I am E_bookpushers and I am addicted to books. I have to thank my mother for my addiction because one of my fondest memories involves bedtime stories. No, I am not talking about Dr. Seuss, Bernstein Bears or Madeline, those were daytime learn to read books, but I am talking about Tolkien, Richard Adams and Asimov…
Thanks to my mother’s open mindedness I did not grow up a genre snob. While I tend to read and enjoy SF/F in its various permutations, romance and its sub-genres I also read and enjoy westerns, murder mysteries etc. If a book can capture my attention, spark my imagination; carry me into a different world/reality than I am willing to give it a try. So bring on your recommendations so I can update my TBR list.

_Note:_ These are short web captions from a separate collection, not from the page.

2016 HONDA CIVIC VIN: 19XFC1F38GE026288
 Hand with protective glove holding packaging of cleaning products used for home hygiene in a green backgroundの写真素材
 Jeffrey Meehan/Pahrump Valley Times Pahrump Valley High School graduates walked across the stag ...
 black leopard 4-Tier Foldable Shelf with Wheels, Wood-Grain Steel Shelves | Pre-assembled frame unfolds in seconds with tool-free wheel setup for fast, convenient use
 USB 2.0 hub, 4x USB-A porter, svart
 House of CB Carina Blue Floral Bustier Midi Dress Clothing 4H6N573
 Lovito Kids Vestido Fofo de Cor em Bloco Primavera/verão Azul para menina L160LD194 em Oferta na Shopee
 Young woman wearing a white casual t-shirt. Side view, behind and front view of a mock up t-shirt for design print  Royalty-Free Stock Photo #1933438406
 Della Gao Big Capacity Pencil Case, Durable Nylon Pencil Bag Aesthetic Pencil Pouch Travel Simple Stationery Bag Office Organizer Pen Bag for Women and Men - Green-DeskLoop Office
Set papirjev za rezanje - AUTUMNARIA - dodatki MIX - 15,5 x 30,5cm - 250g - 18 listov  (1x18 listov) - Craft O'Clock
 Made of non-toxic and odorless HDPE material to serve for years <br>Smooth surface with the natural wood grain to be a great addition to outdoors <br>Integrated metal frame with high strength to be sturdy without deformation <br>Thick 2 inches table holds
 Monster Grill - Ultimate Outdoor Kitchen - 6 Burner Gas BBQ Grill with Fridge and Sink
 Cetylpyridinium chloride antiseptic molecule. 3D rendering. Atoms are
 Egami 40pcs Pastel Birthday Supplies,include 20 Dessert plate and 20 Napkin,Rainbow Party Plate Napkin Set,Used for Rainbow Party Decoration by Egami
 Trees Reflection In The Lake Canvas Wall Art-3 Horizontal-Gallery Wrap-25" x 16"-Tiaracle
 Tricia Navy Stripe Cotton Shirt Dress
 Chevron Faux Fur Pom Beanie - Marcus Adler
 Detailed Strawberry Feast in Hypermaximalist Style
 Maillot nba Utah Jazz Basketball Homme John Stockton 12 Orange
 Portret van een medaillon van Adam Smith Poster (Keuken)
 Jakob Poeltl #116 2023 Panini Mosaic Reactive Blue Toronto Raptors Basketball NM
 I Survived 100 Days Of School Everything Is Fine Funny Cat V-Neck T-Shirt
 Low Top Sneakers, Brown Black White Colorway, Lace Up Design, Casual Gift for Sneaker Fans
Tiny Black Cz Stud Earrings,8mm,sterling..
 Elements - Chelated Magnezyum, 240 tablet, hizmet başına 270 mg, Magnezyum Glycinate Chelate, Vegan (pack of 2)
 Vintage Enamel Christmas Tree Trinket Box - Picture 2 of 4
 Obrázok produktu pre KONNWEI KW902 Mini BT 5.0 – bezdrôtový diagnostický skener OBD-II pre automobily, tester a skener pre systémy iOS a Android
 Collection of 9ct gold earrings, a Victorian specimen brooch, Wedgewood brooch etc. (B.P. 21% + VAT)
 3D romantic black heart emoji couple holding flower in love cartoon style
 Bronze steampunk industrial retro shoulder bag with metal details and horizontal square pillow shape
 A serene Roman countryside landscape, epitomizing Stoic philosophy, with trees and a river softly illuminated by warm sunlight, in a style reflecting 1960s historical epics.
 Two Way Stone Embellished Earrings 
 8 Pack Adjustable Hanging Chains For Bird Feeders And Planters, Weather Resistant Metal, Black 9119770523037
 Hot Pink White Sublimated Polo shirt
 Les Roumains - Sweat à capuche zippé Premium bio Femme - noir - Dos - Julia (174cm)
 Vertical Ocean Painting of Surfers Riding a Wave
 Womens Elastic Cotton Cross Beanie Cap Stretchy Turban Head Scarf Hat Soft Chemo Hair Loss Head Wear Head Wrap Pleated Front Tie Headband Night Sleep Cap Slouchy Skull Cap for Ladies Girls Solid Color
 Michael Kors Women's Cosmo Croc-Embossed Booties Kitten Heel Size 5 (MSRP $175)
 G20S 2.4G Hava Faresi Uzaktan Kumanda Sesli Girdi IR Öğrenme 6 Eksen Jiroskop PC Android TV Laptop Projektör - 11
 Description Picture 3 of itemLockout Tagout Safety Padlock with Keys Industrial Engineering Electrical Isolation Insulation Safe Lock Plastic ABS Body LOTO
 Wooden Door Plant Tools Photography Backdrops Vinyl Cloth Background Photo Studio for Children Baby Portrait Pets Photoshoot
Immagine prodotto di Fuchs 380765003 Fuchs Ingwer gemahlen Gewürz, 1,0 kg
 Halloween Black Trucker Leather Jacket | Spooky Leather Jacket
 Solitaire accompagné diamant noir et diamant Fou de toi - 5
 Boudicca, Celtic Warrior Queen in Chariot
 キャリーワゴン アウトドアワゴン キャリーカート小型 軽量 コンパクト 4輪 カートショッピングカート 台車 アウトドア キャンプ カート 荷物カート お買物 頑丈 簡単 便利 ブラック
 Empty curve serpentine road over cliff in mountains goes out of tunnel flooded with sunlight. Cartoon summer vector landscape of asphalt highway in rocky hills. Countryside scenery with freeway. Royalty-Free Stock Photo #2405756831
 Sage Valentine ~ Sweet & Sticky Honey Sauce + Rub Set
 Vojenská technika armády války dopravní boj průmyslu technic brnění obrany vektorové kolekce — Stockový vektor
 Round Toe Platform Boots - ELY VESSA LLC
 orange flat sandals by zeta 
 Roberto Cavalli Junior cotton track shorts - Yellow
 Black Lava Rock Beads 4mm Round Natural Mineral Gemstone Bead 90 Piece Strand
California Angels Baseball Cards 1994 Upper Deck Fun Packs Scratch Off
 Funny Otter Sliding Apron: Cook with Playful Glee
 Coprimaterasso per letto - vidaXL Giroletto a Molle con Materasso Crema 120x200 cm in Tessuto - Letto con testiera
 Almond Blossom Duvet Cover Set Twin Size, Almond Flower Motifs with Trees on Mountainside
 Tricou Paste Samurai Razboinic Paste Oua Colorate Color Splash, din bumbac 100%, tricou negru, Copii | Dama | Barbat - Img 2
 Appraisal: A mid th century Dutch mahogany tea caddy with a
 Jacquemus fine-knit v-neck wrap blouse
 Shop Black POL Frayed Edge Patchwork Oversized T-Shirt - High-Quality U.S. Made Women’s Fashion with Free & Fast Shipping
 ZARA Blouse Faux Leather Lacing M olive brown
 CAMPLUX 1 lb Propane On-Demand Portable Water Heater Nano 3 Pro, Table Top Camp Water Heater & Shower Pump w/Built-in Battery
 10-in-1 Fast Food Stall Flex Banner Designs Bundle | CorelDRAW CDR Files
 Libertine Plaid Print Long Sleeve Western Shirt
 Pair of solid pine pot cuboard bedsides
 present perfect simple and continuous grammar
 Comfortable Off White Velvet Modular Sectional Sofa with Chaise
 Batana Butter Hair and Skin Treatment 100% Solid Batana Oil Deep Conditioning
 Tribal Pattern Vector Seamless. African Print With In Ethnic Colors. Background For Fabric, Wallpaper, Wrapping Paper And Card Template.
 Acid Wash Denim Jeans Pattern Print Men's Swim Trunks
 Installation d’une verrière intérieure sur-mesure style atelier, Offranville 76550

Review originally posted on The Book Pushers.
Publish Date: Out now
How I got this book: ARC from the publisher
She’s been there, done that–but never with the sexy hockey player next door.
Dating, marriage, divorce… Audra Leone has been there, done that. These days she’s focused on her antiques business and doesn’t need a man complicating her life.
Still, she can’t help but notice the flirty ex-hockey player who owns the sports bar next door, but he’s got two strikes against him. He’s her landlord, and he’s almost ten years younger–which puts Audra way outside the flock of twenty-somethings vying for his attention.
When Scott Beckett sees Audra hasn’t closed shop during a major snowstorm, he checks in on her–to find her shackled to a post. He’s more than happy to help and close the distance she keeps firmly between them. He’s well over his playboy days and hungering for something stronger, something lasting.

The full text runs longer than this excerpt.